§ **Aim of the exercise**: Leave the pictures aside and copy all the data exactly.

§ **Supplied data**:
———

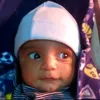abu_khaled207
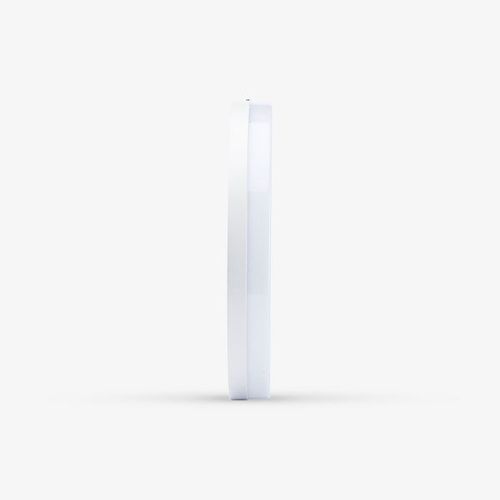 đèn led ốp trần tròn đổi màu 30w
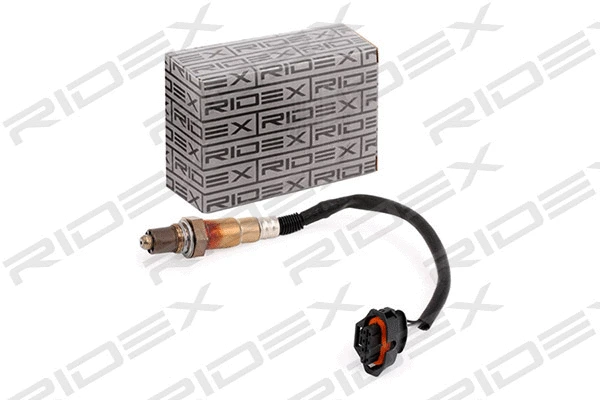 Lambda Sensor (3922L0021)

———

§ **Response to the exercise**:
abu_khaled207
 đèn led ốp trần tròn đổi màu 30w
 Lambda Sensor (3922L0021)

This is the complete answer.